People in the golf industry or those who are at least familiar with the game, say that golf is a dying sport. It has been narratively stated that it’s difficult, excessive playing time, expensive, strict imposition of rules and etiquette, discriminating or elitist, closing down of golf courses, and dwindling of the number of players. Well, it actually depends from which perspective you are coming from.
I have personally experienced the growth of golf. As a junior player in the 1960s and 70s, I have rarely seen other junior players running around the clubhouse and playing on the golf course. Now, you see them all around, including parents and yayas! There are more junior golf tournaments now than ever before.
It is true that golf reached its peak in the late 1980s till about the mid 1990s. With the presence of Tiger Woods, it brought golf to another level. People started to watch more on T.V. and some engaged in learning and playing. The building of golf courses boomed tremendously along with real estate in the USA, Europe and some parts of Asia. The growth was unimaginable and filled with enthusiasm. With much anticipation, there was actually an overgrowth in the building of golf courses.
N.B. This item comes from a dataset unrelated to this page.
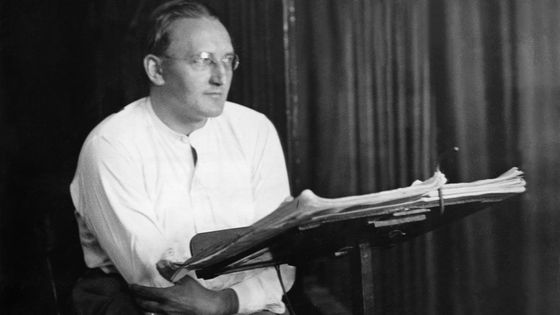 Le chef d'orchestre et compositeur Hermann Scherchen ©Getty - Photo by Felix H. Man/ullstein bild via Getty Images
At this point, golf is not dying. It is in the process of adjusting to its natural proportions, equating to the actual number of avid golfers, the new players coming in, and the number of golf courses built worldwide. Yes, golf courses are closing down, especially in the U.S.A., but simply because there are too many. Just the same, golf is thriving, especially here in the country today.
Based on the Asian Golf Profiles Special Report (2016), regarding the age breakdown of golfers in South-East Asia; 0 to 29 is 1%, 30-39 is 11 percent, 40-50 is 31 percent, and above 50 is 57 percent. Locally, junior golf is 8 percent, senior is 41 percent, and others is 51 percent. Take note that in Southeast Asia, there is only 1 percent playing golf for ages 0-29. But, in the Philippines we have 8% junior players. It is a great indicator that the young market is being encouraged locally, and more champions being developed.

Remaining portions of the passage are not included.